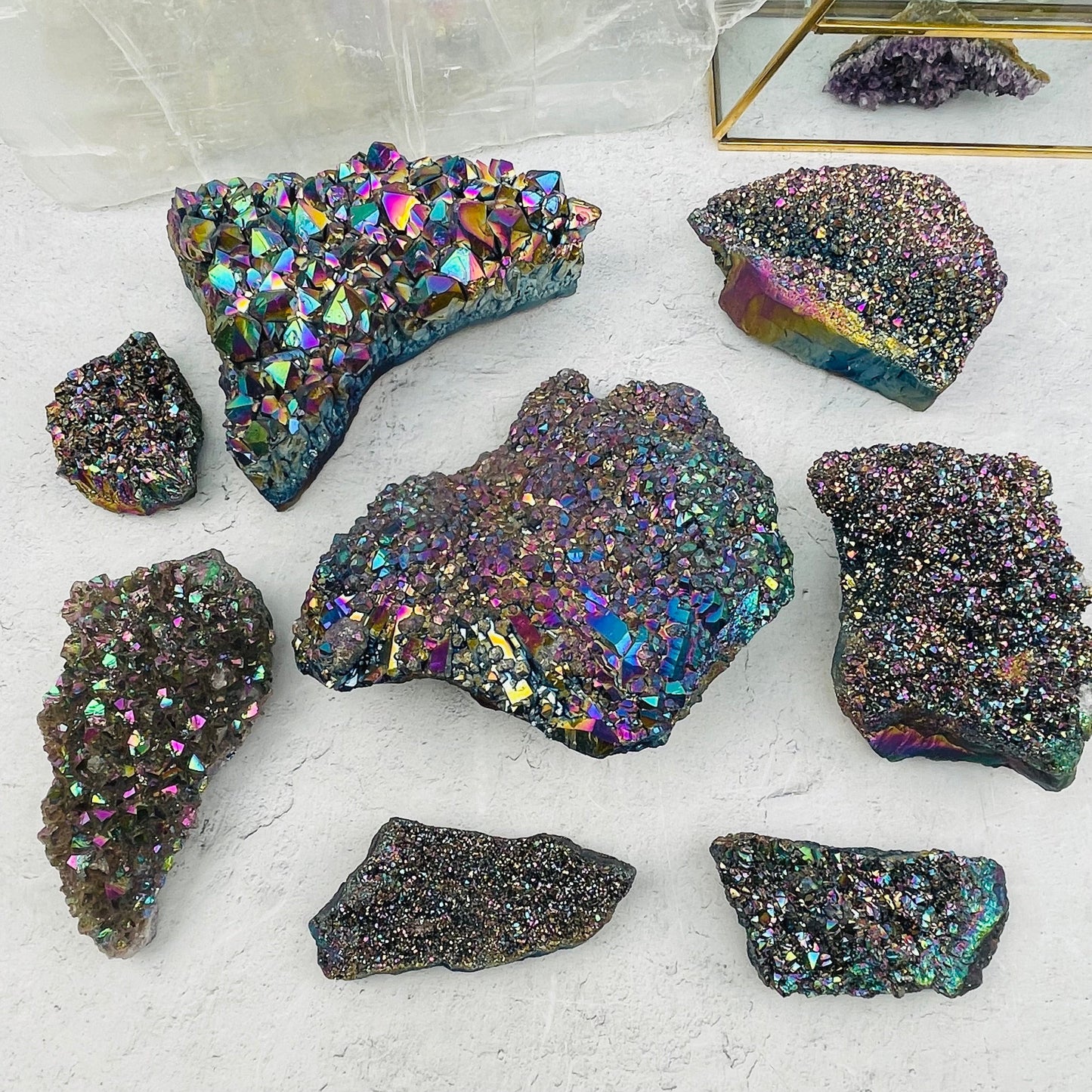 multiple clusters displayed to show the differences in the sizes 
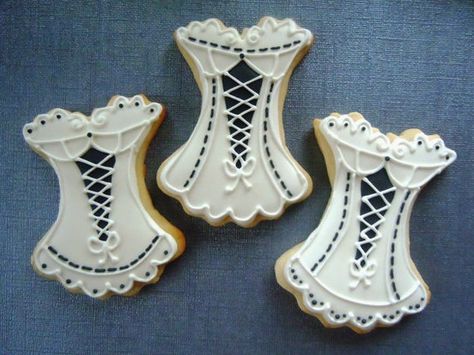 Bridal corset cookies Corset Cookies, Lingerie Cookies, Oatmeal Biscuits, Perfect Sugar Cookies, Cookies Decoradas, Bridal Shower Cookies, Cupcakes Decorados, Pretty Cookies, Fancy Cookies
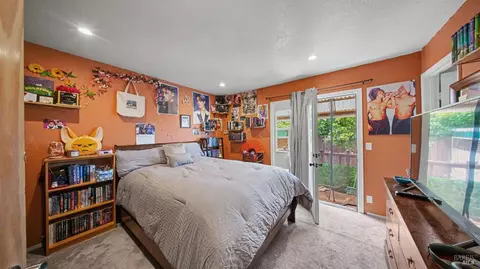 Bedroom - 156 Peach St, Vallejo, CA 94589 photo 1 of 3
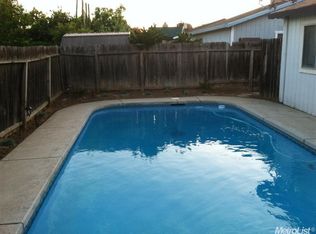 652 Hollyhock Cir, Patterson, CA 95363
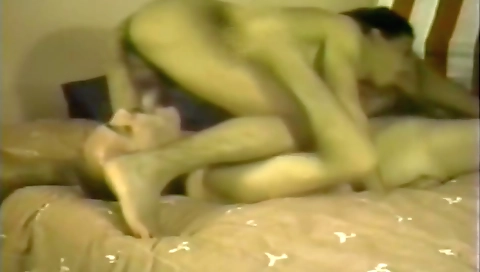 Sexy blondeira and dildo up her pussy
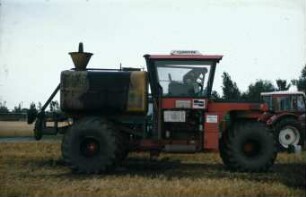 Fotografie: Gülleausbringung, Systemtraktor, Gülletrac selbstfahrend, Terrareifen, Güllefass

★ ★ ★

GOAL OF THE EXERCISE:
Only the lines from the beginning of the records through the line bearing "Bedroom - 156" belong in the answer, copied word for word with pictures left out.

RESPONSE BOX:
 multiple clusters displayed to show the differences in the sizes 
 Bridal corset cookies Corset Cookies, Lingerie Cookies, Oatmeal Biscuits, Perfect Sugar Cookies, Cookies Decoradas, Bridal Shower Cookies, Cupcakes Decorados, Pretty Cookies, Fancy Cookies
 Bedroom - 156 Peach St, Vallejo, CA 94589 photo 1 of 3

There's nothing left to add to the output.